Earlier discoveries of Viking Age gold arm rings from the Island include one found with the Ballaquayle Hoard in Douglas in the 1890s, which was much simpler in design.
The internationally significant find, which also includes at least one silver armband (pictured) among other precious items, was buried around AD 950
Three Viking Age gold finger rings have previously been discovered on the Isle of Man and one complete gold ingot. These suggest that there may have been some gold-working on the Island during the Viking Age and that the Island was home to some particularly wealthy people back then. This gold arm-ring reinforces these theories.

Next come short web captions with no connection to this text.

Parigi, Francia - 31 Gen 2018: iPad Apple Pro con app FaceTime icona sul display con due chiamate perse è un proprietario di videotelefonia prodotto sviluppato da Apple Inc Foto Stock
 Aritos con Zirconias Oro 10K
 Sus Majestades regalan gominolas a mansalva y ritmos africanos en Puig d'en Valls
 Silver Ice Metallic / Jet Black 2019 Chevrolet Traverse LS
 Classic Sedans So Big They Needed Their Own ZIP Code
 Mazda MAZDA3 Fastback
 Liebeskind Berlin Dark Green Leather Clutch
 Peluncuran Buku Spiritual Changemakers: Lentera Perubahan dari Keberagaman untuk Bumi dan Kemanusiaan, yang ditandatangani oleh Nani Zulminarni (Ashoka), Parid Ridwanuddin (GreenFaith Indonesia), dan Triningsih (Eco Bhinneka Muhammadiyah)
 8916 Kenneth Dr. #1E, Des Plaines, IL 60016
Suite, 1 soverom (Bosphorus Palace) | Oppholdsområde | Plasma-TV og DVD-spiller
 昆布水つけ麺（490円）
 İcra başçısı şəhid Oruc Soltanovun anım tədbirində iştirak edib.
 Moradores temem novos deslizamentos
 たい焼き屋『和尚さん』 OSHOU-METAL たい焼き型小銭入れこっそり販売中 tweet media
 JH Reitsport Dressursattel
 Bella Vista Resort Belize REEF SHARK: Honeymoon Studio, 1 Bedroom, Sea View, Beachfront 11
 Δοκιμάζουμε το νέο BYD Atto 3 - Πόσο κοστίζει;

Allison explained: ‘Vikings arrived on the Isle of Man in the 800s, firstly trading and eventually settling.
‘Kath’s hoard can be dated on stylistic and comparative grounds to around AD 950, a time when the Isle of Man was right in the middle of an important trading and economic zone.
‘But elsewhere to the east and west, Viking rule was coming to an end and perhaps this encouraged further Viking settlement on the Island.
‘The Viking and Norse influence remained strong on the Island for a further three hundred years, long after much of the rest of the British Isles.
‘The arm-ring, brooch and cut armband are all high-status personal ornaments and represent a large amount of accumulated wealth. Finding just one of these items would be of significance.
‘The fact that all were found together, associated with one single deposition event, suggests that whoever buried them was extremely wealthy and probably felt immediately and acutely threatened.’
She added: ‘Manx National Heritage would like to sincerely thank both the finder and landowners for all their support and assistance with this remarkable discovery.’
The location of the find and details of the landowner will remain confidential to protect the integrity of the find site.
The ‘Kath Giles’ hoard will go on display in the Viking and Medieval Gallery at the Manx Museum from today prior to valuation and further conservation work.
The Isle of Man lifted its lockdown rules earlier this month following a 25 day circuit-breaker after an outbreak of Covid-19 cases around New Year.
However, seven new cases of coronanvirus, including a ferry crew member, have been detected on the Island today – six of which were found through the contact tracing process.
All have been told to self-isolate, a government spokesman said. Chief Minister Howard Quayle is holding a briefing this evening to address the Island’s response, but a further lockdown is currently not on the cards.